Looking out of his backyard in the Canadian town of Strathmore, amateur astronomer and photographer Alan Dyer saw an unfamiliar sight dancing in the night sky: rippling arcs of reddish-pink aurora borealis underlined with another band of aurora in the classic green color. It later became apparent that the same phenomenon had also been snapped in the Finnish towns of Ikaalinen and Orimattila.
Not only did the scene make for some stunning images, the strange observation is now helping to unfold the mystery of how double red and green auroras are formed. Together with satellite observations, Dyer’s photographs and the other images appear to show that the two phenomena may be intimately linked.
In a paper published in the Journal of Geophysical Research: Space Physics, physicists found that the green proton aurora transitioned into the stable auroral red (SAR) arc, and this was initiated by proton precipitation, which had been suggested but never successfully demonstrated before.
It’s known how greenish yellow auroras are formed. They're the product of solar wind, charged particles burped out by the Sun that flow toward Earth. When these energetic electrons and protons crash into Earth's magnetosphere, they release energy and excite gases in our upper atmosphere. The excitement causes ionization of the atmospheric molecules and the release of light photons. Different elements can produce different colors.
The formation of stable auroral red arcs, however, is less clear. The researchers argue red auroras differ from another recently discovered aurora called STEVE because they lack the purple-mauve tinges, as well as other defining features.
However, citizen scientists – contributing significantly to our understanding of auroras in recent years – recently documented a red arc evolving into a STEVE for the first time.
In the new study, Dyer and an international team of physicists and other citizen scientists suggest that the rosy red band might be caused by electrons.
As per their observations and the footage captured of the phenomenon, the green aurora quickly diffused and decayed, but the red arc continued to remain more stable, drifting towards the equator during the substorm recovery phase
Proton rain triggers the classic green aurora.

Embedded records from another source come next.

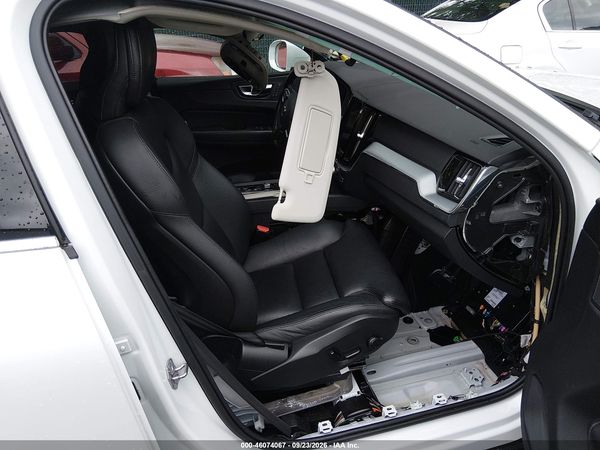 2019 VOLVO XC60 T6 MOMENTUM — I5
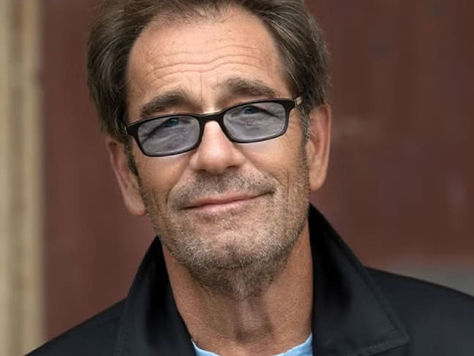 Huey Lewis Proves Hearing Loss Doesn’t End the Music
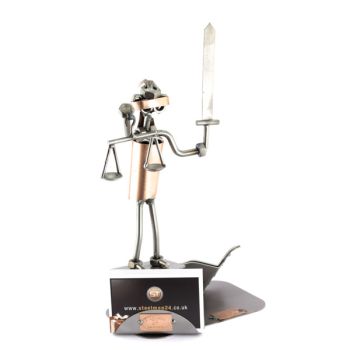 JUSTIZIA MIT VISITENKARTEN-HALTER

The proton aurora then transitions into a stable auroral red arc when secondary electrons enter the picture by raining down through the atmosphere. Red light has lower frequency, so it requires less energy to produce, hence the red aurora is produced by the electrons that are lower in energy compared to protons. However, both are the product of the same gusts of solar wind blowing into and across Earth’s upper atmosphere.
This is just one theory, the researchers say, but yet another discovery that shows just how complex the simple beauty of the Northern Lights really can be.